Machine Learning on Databricks

element61 is a certified Databricks partner with extensive experience in development of Machine Learning algorithms and set-ups. On this page we give a rough sketch of how to leverage Machine Learning in Databricks. Feel free to contact us if you want to know more

Why run Machine Learning (ML) in Databricks?

Databricks offers a managed Spark environment made for both Data Discovery and Data Engineering at scale. Running Python or R scripts for machine learning is often limiting because it only runs on a single machine which means that processing and transforming the data can be very time consuming.
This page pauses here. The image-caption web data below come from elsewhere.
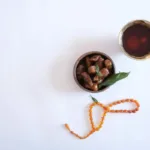 Sajian buka puasa Ramadhan dengan kurma, teh, dan tasbih sebagai simbol tradisi berbuka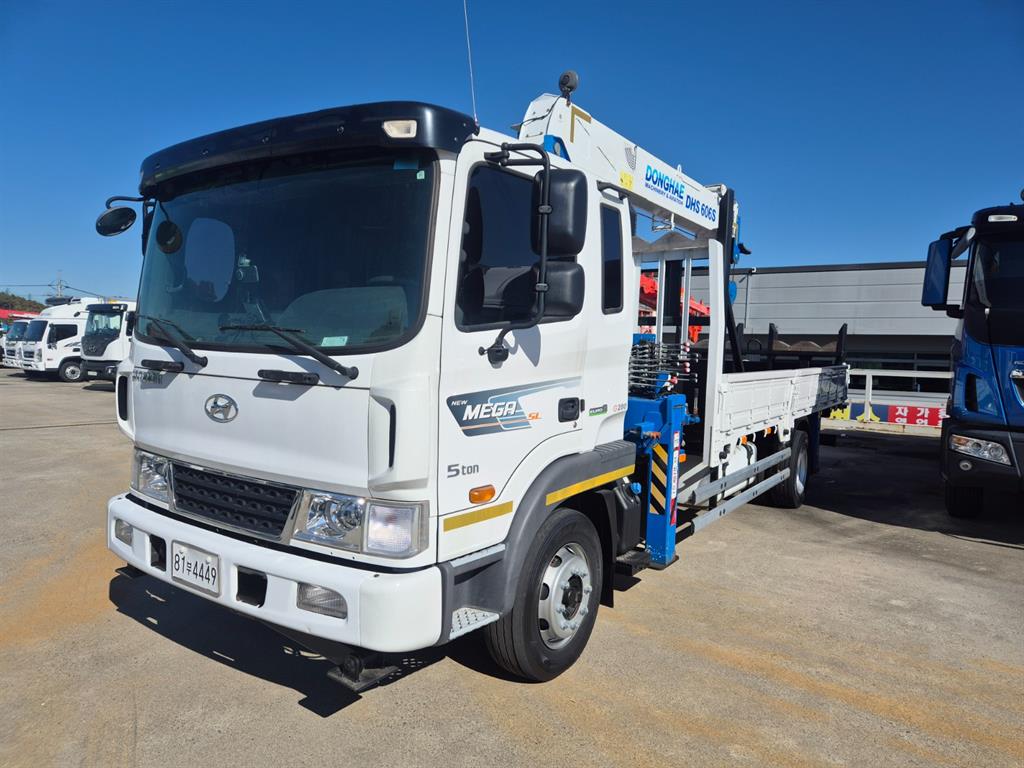 현대 카고크레인 동해기계항공 메가트럭 5톤 0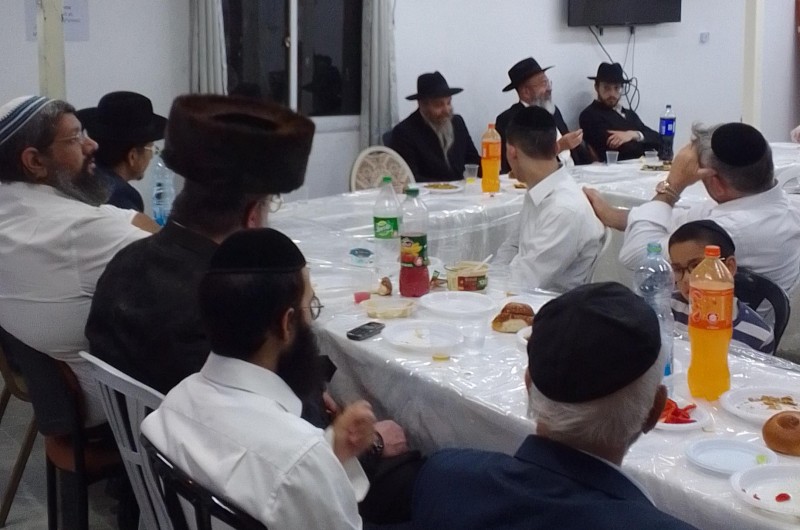 מכל גווני הקשת בעיר אלעד, השתתפו בצאת השבת בהתוועדות חסידית בבית חב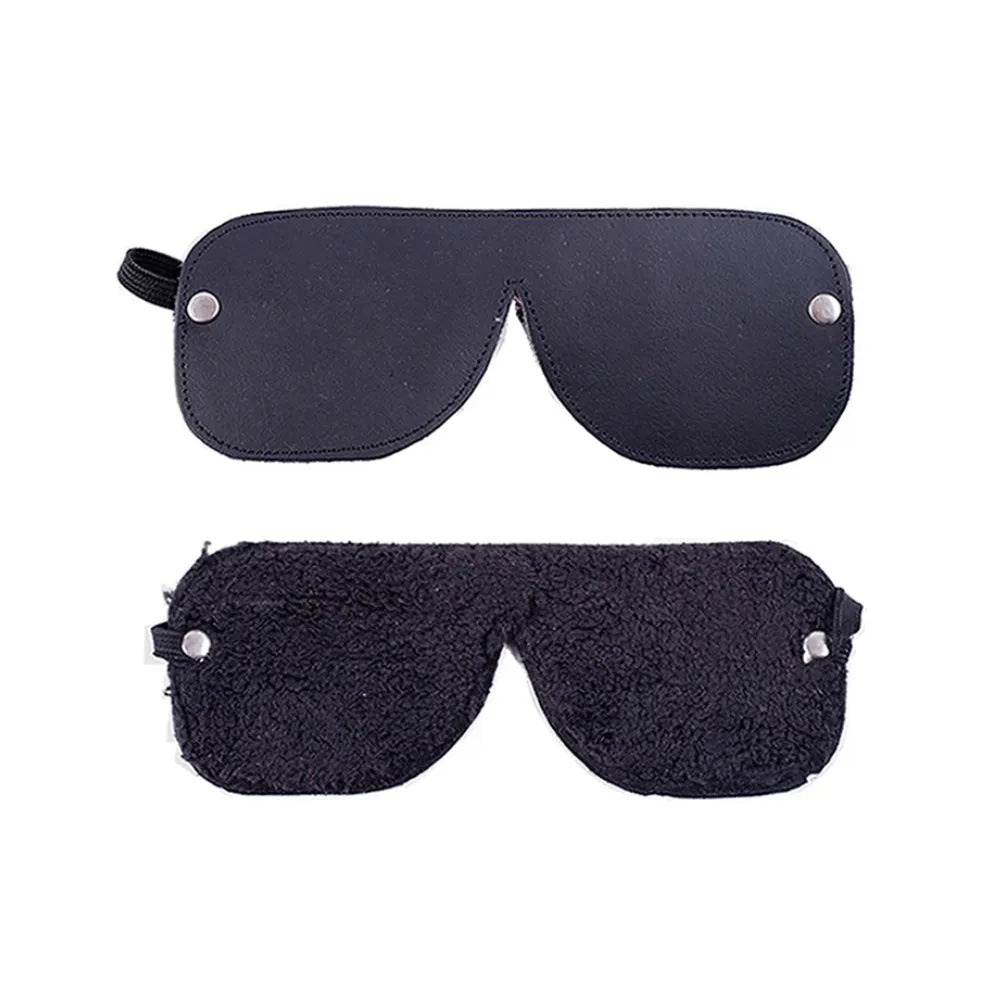 Antifaz Ciego de Cuero con Tachas | Máscara con Peluche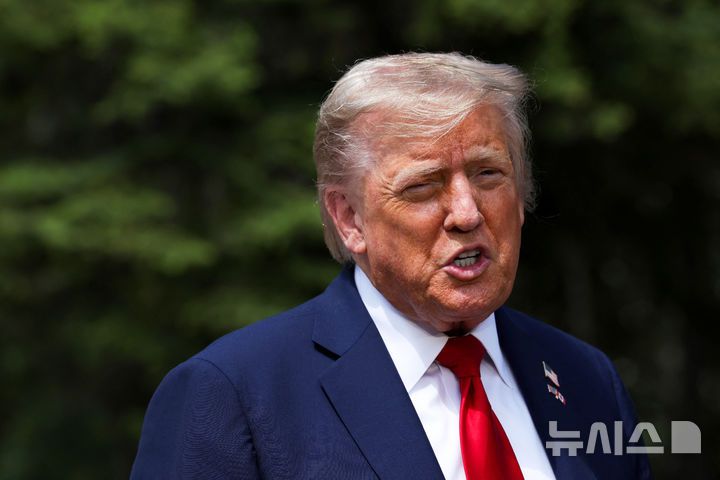 [카나나스키스=AP/뉴시스] 도널드 트럼프 미국 대통령이 16일(현지 시간) 캐나다 카나나스키스에서 주요 7개국(G7) 정상회의를 계기로 키어 스타머 영국 총리와 회담 후 기자회견 하고 있다. 2025.06.17.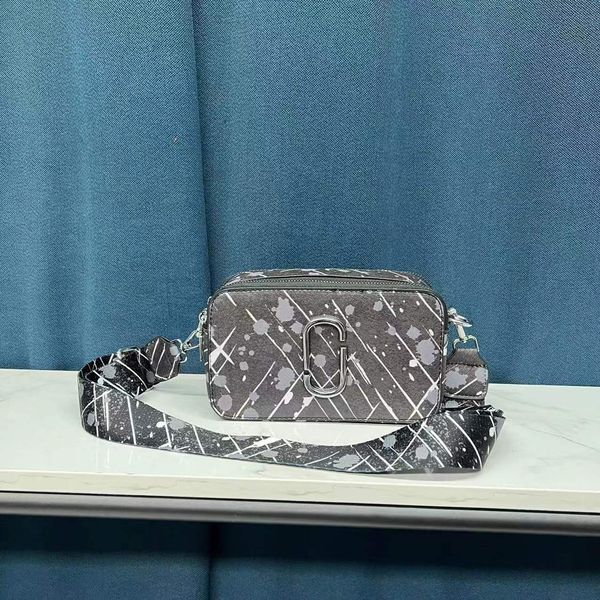

textured messenger commuter bag summer trend all-match shoulder handbag bags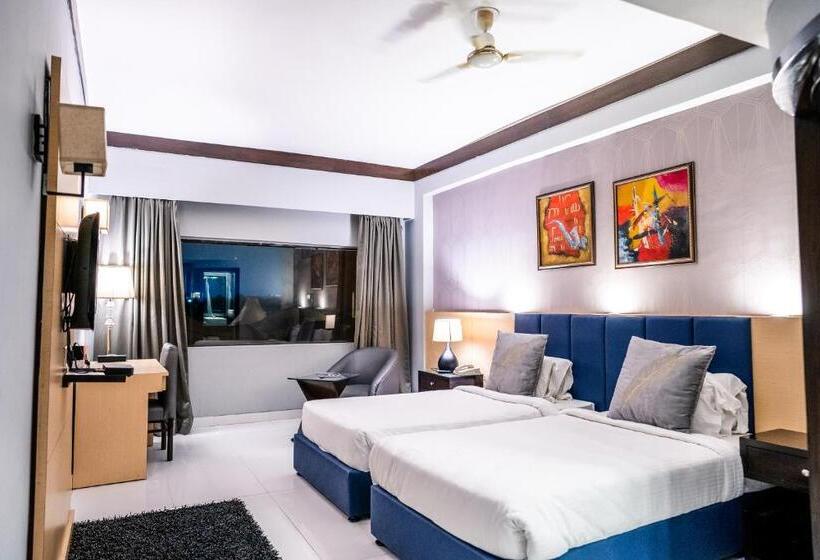 غرفة قياسية, Pal Heights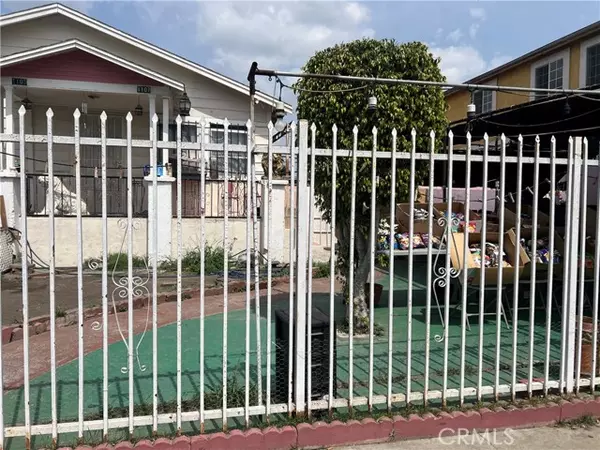 Los Angeles, CA 90059,1105 E 113th ST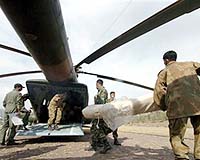 Rain, Snow Halt Chopper Flights In Quake-Hit Pakistan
Often this means that users only work with a smaller subset of the data or sampling the data which can lead to not so accurate results. This is where Spark comes in hand, because it offers a platform for data science leveraging parallel processing.

Machine Learning in Apache Spark

To benefit from the speed and compute advantage of Spark in Machine Learning, the open-source community has developed Spark MLlib, Apache Spark's scalable machine learning library. The MLlib library in Spark can be used for machine learning in Databricks and consists of common machine learning algorithms as well as Machine Learning Workflow utilities including ML Pipeline.

Complementary to MLlib, other Spark libraries exists. Most remarkable is:

sparkdl - When a data scientists wants to use Deep Learning on Databricks, it is recommended to leverage this Spark library to get solid versions of Tensorflow and Keras working on a Spark backend. Read more about sparkd l on its github

from pyspark.ml 
from sparkdl # Specific library for Deep Learning

Apacha Spark's ML Pipelines

One solid feature embedded in Apache Spark v2.3 and above is ML Pipeline. With ML Pipelines, a data scientists can stage various transformations and model trainings into pipelines and apply these pipelines to various dataframes. This simplifies combining multiple algorithms into a single workflow/pipeline and saves time as your project is structured and organized.

One can get started easily by importing the functions from the default pyspark library.

from pyspark.ml import Pipeline

Example given: One pipeline could contain both the tokenizer, the hashing as well as the actual algorithm training:

from pyspark.ml import Pipeline
from pyspark.ml.classification import  LogisticRegression
from pyspark.ml.feature import  HashingTF, Tokenizer

# Pyspark Code
tokenizer = Tokenizer(inputCol="text", outputCol="words") 
hashingTF = HashingTF(inputCol=tokenizer.getOutputCol(), outputCol="features") 
lr = LogisticRegression(maxIter=10, regParam=0.001) 
pipeline = Pipeline(stages=[tokenizer, hashingTF, lr])